How they acquired their expertise is not yet known for certain; the senior member of the family was Andrea, who was active from about 1645 and died before 1673. Connections with the Amati family have been sought, but without any firm evidence emerging. The Hills, in their biography of the Guarneri family point to a Paolo Grancino who is said to have been a pupil of the Amati, but again, no support for this has yet been found to confirm the suggestion. The makers of this viola, the ‘Brothers’ Grancino, Francesco and Giovanni, were the sons of Andrea. Francesco worked from c.1660-1670, and some work bearing his individual label is known. Giovanni Battista was born in 1637 and died in 1709. Giovanni subsequently worked on his own, and passed his knowledge on to his son, Giovanni Battista II, and Carlo Giuseppe Testore. Together, however, the brothers produced a significant body of work bearing variations of the label ‘Gio e Francesco Fratelli de Grancini/ In Contrada Larga di Milano, 16..’ the Contrada Larga (now the Via Larga) being the address of their workshop in Milan.
What is most interesting is their focus on the 42cm contralto viola. This was still a relatively rare instrument in 17th century Italy, most makers favouring the tenor size, with a back length of over 43cm. Any form of viola in fact is quite rare in this period, most makers all but ignoring the middle voice of the violin family. There are two rare contraltos by the brothers Amati from the first part of the century, Stradivari made his first contralto model in 1672, and Andrea Guarneri followed suit with smaller violas made in 1676 and 1690. The Grancini made at least six such instruments on a form quite closely matched to the Guarneri form, but if the few original labels are to be trusted, pre-date them by up to a decade. Even more intriguing is that violins attributed to the Grancino brothers are relatively rare, and cellos all but unknown. By some quirk of circumstances in Milan in the late 17th century, the Grancinos seem to have become specialist makers of contralto violas.
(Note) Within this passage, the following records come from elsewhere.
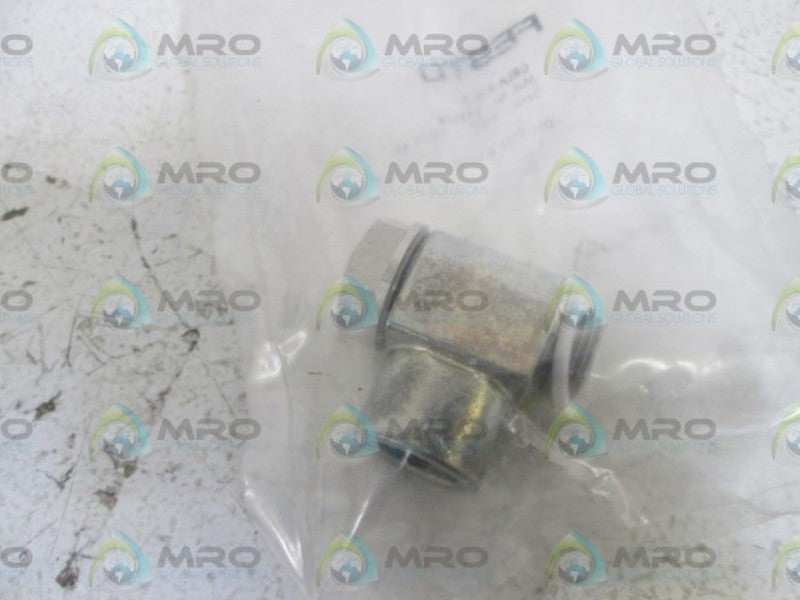 FESTO ONE-WAY FLOW CONTROL VALVE GRLA-3/8-B * NEW IN FACTORY BAG *
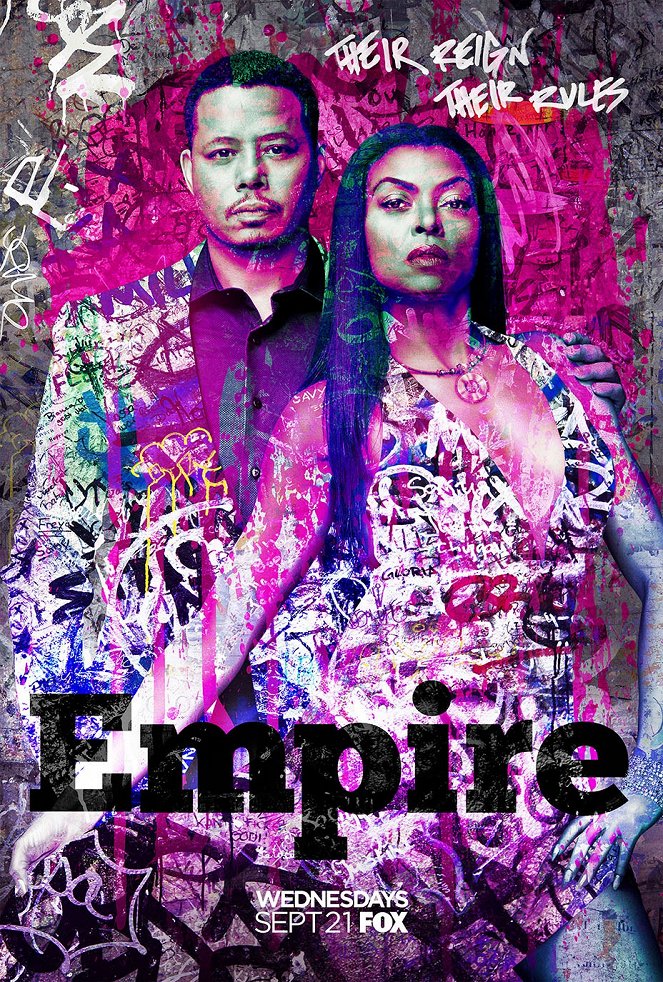 Empire - Season 3 - Plakate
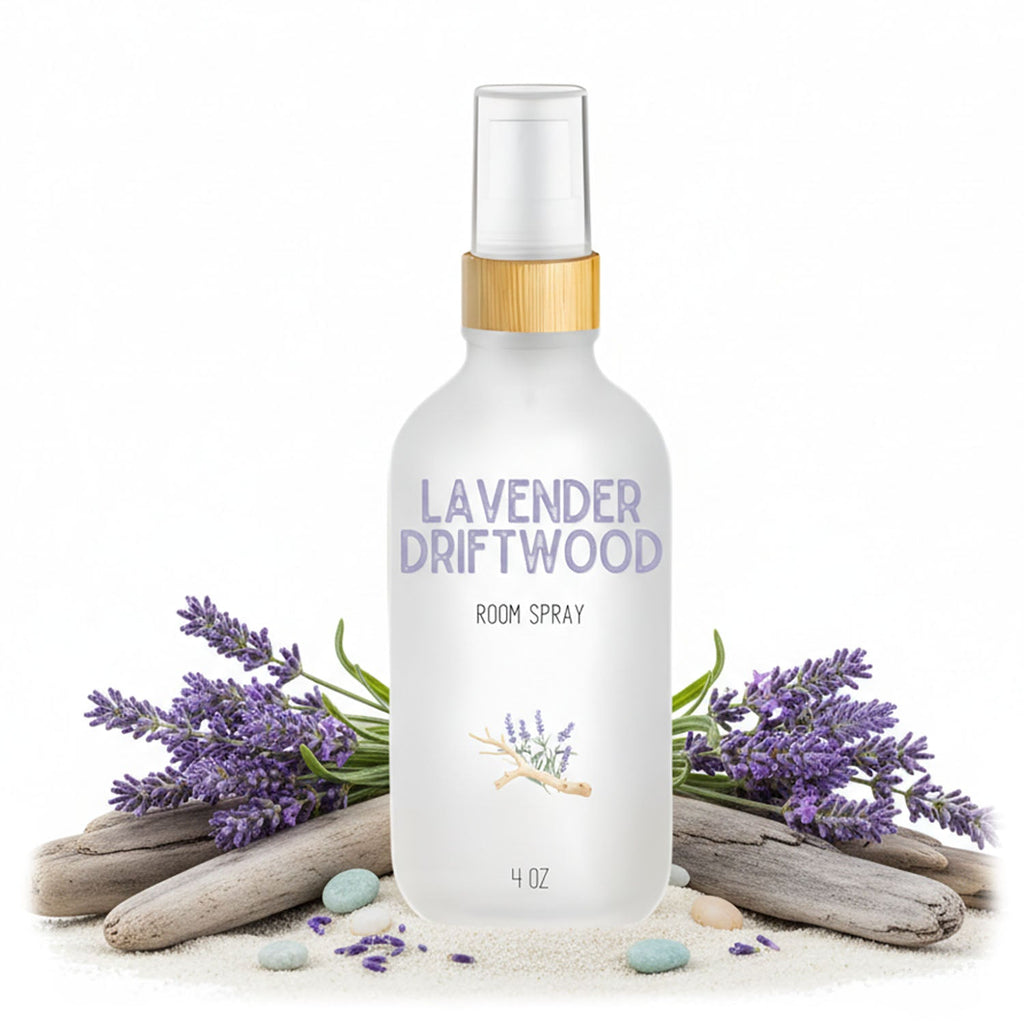 Lavender Driftwood Room Spray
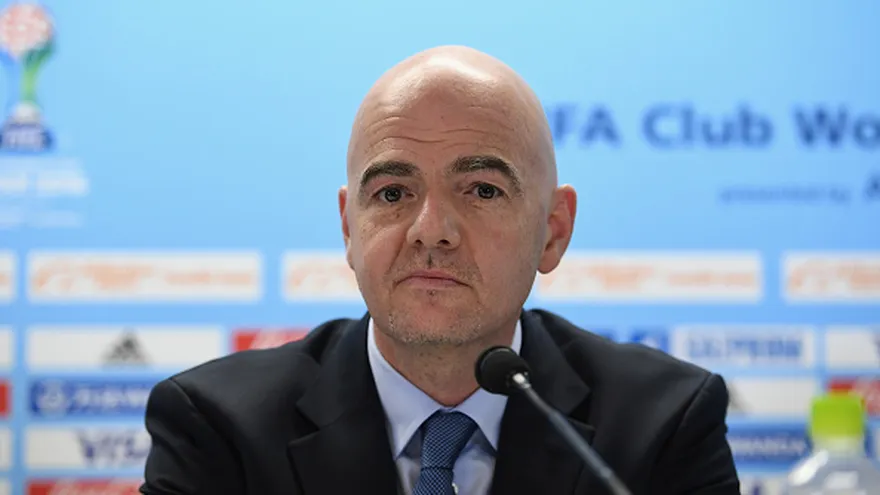 Gianni Infantino
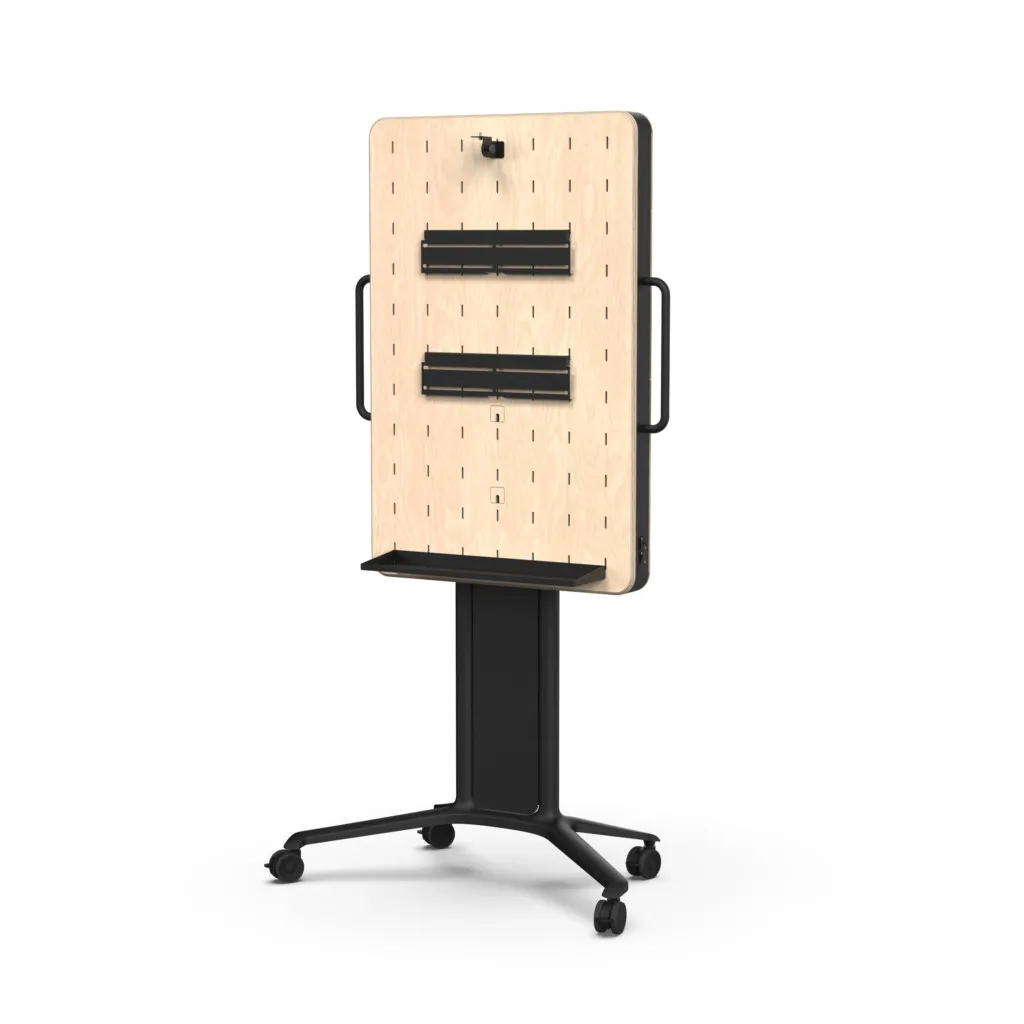 SMS Peggy One Engaged Meeting - hybrides Rollstativ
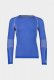 Термореглан CMP мужской SEAMLESS SWEAT голубой S/M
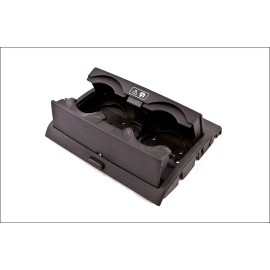 LAND ROVER FREELANDER 1 2002-2003 FRONT DASH FACIA CUP HOLDER UNIT FBD000050PMA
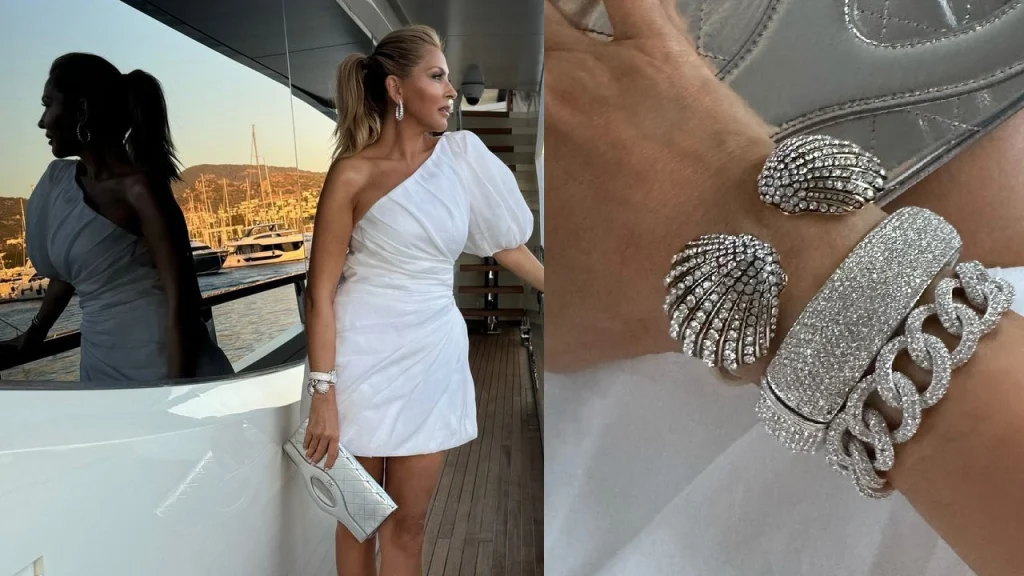 Akp’li vekillerin Rolex’i varsa… Sabancı’nın bileğinde milyon dolar var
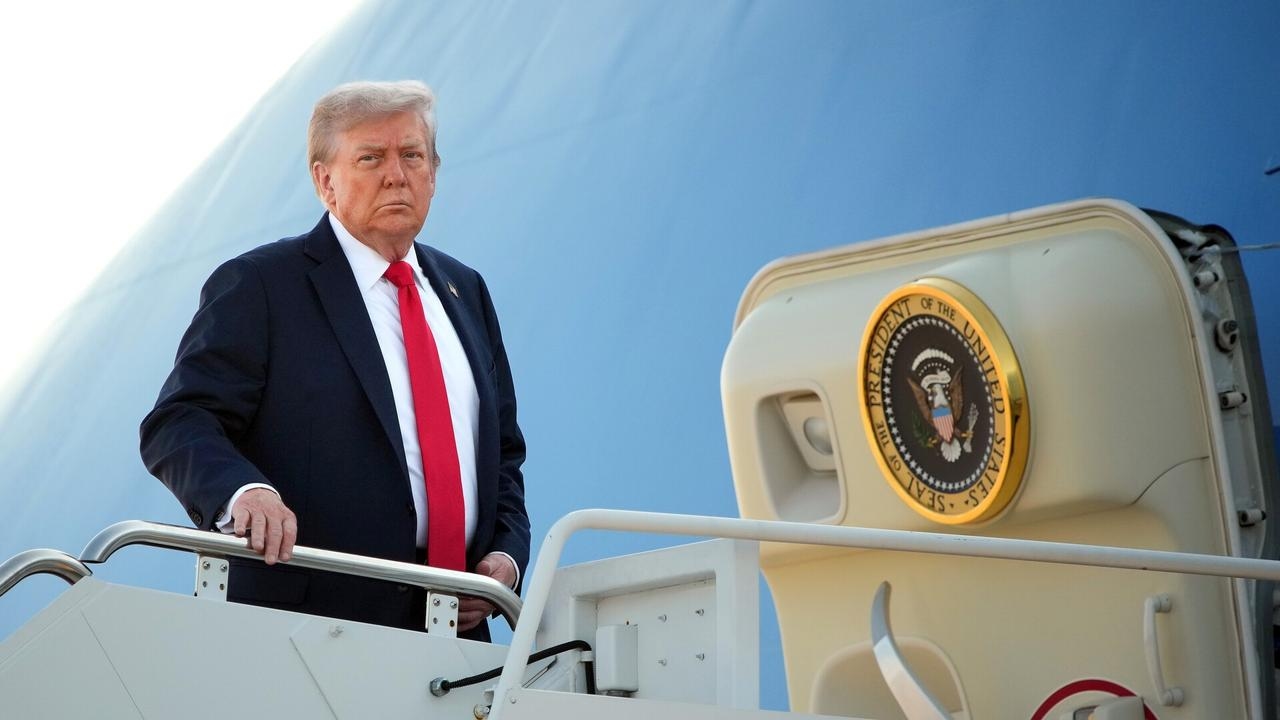 ‘He leads from the front, not from the back': Trump praised for ‘meaning what he says'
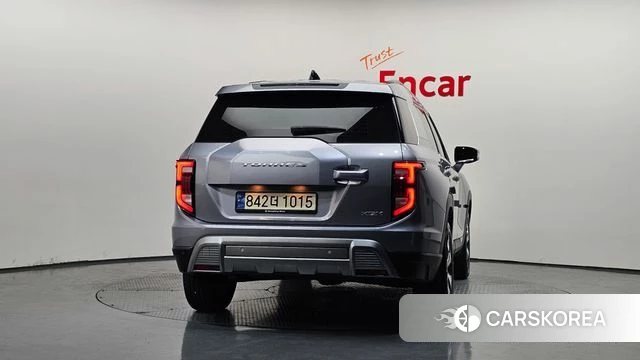 Ssangyong Torres id 4630453 из Кореи 14
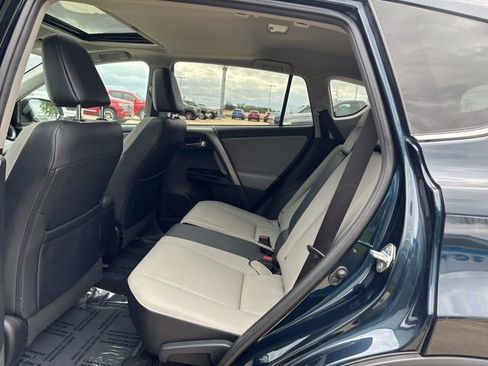 Used 2017 Toyota RAV4 Limited w/ Carpet Mat Package AWD/4WD image 14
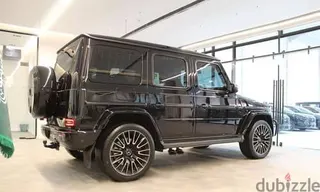 مرسيدس بنز G Class AMG 63 2025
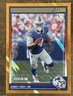2024 Panini Score - James Cook #29 Orange Lava 434/630 - Buffalo Bills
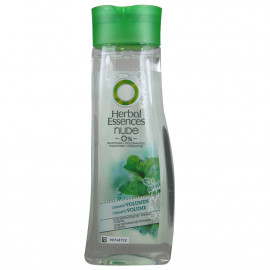 Herbal Essence shampoo 400 ml. Grapefruit & min.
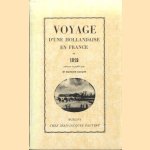 Voyage d'une hollandaise en France en 1819 door Maurice Garçon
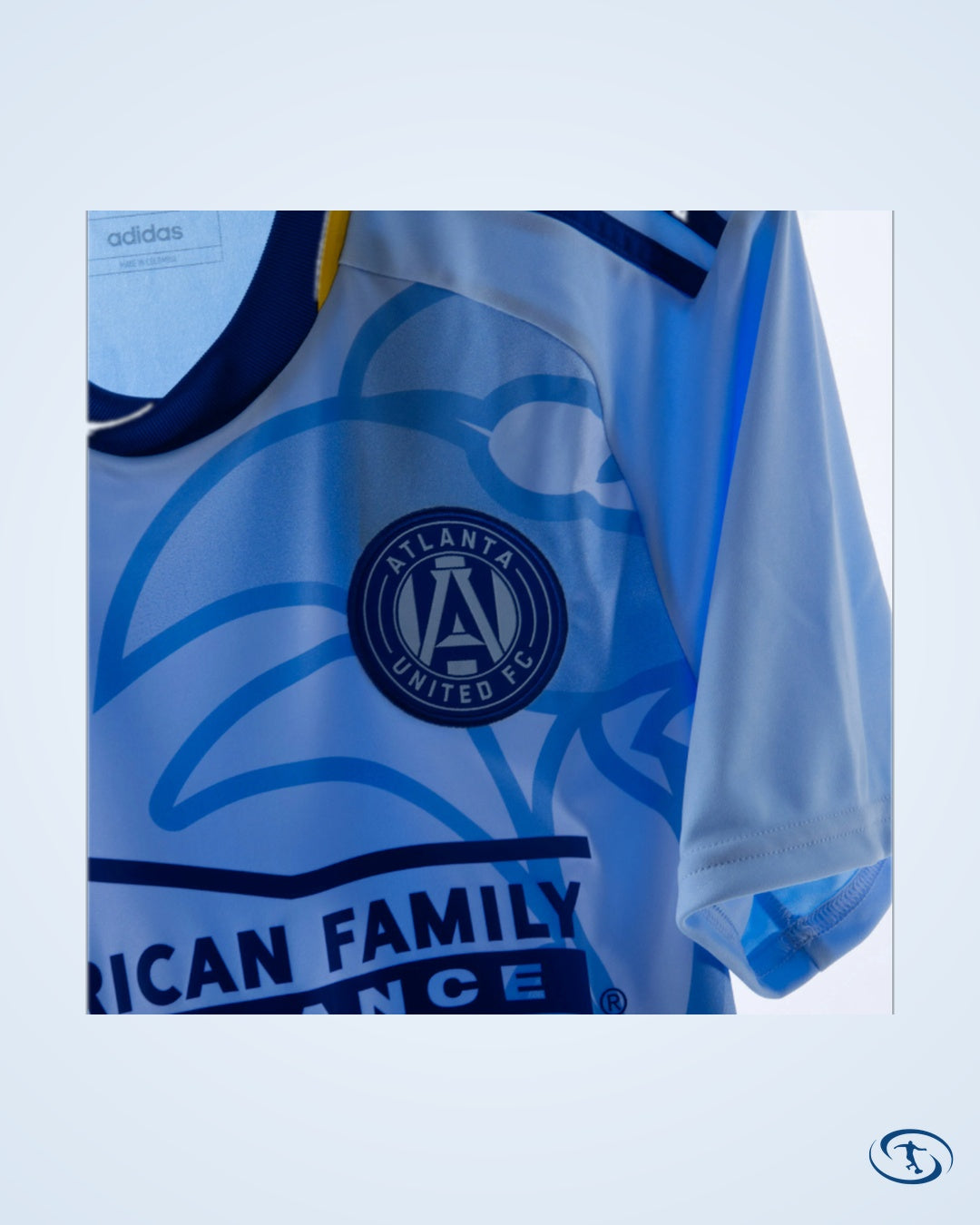 Atlanta Utd Away Shirt 2023-2024 - Men's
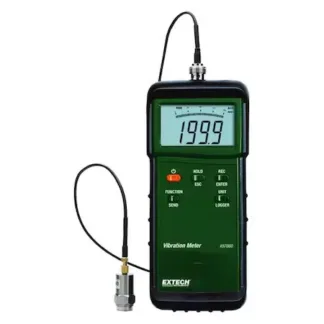 Kit Medidor de Vibración Digital Extech
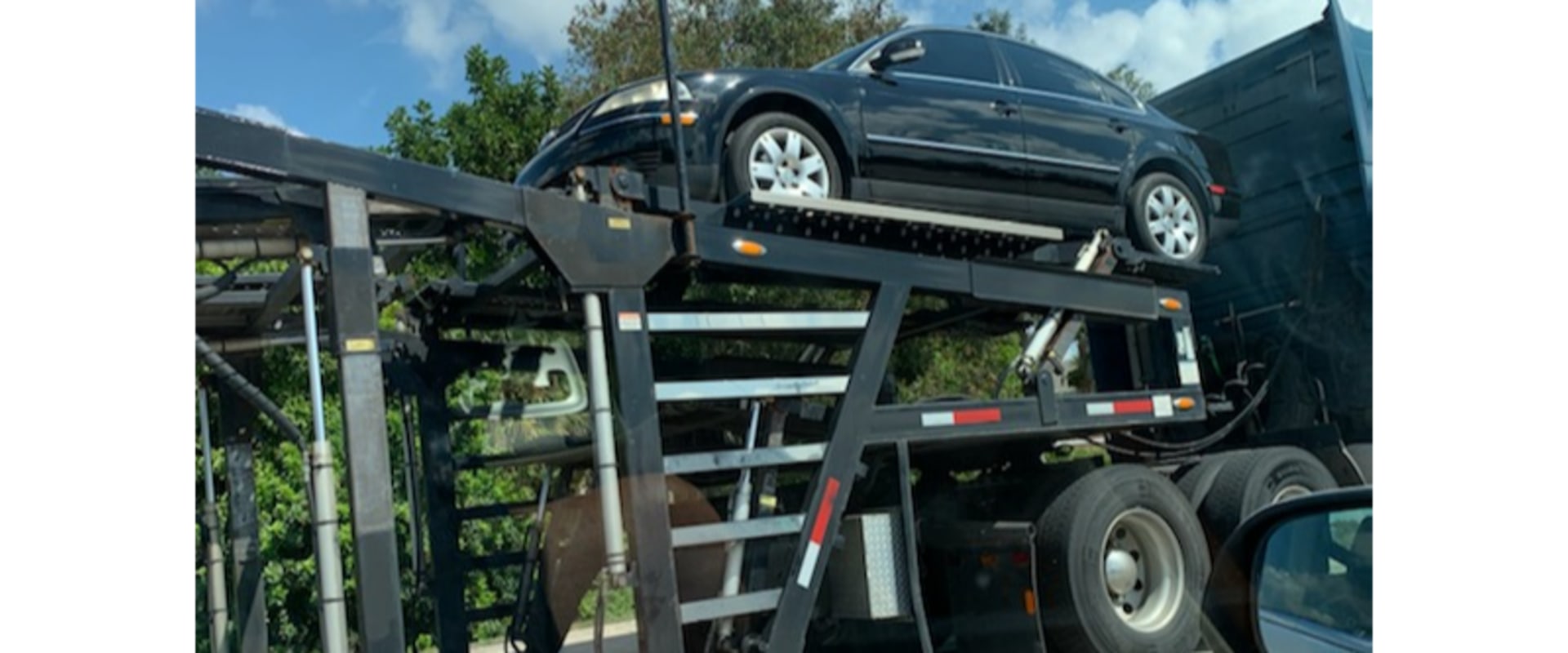 Shipping Your Car: A Comprehensive Overview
This example is a very typical one. The workmanship is robust but accurate. The modelling owes a great deal to the earlier Brescian masters of the viola, Gaspar da Salo and Maggini, with a full, rounded arching, but the details of finish and design are very much Amati-inspired. The head is quickly and unevenly cut, but has the energy and character of all the best Italian work. The soundholes have a distinctive swagger, with the nicks placed high up on the arm, adding to the slightly unbalanced effect. The varnish of this viola is spectacular; on the back it is particularly well preserved, with a strongly crackled surface and a rich, dark ruddy brown tint, anticipating that of the great Venetian makers of the eighteenth century.
This size and form of viola is ideally suited to modern performance, and such an early example is a great treasure of instrument making. After Francesco relinquished his place in the workshop for unknown reasons in about 1670, his brother Giovanni Battista carried on alone, developing a much more delicate and personal style, with low elegantly scooped archings in the Amati style, and very Stradivarian soundholes. The varnish he used was a very clear yellow-gold, quite different to the previous recipe. He made only one or two violas with his own label.
Plays G. and F. Grancino 1665
Violist Ida Bryhn (b. 1981) is principal viola of the Norwegian Chamber Orchestra and also teaches at the Norwegian Academy of Music. She has performed at most major concert halls in Europe and the US.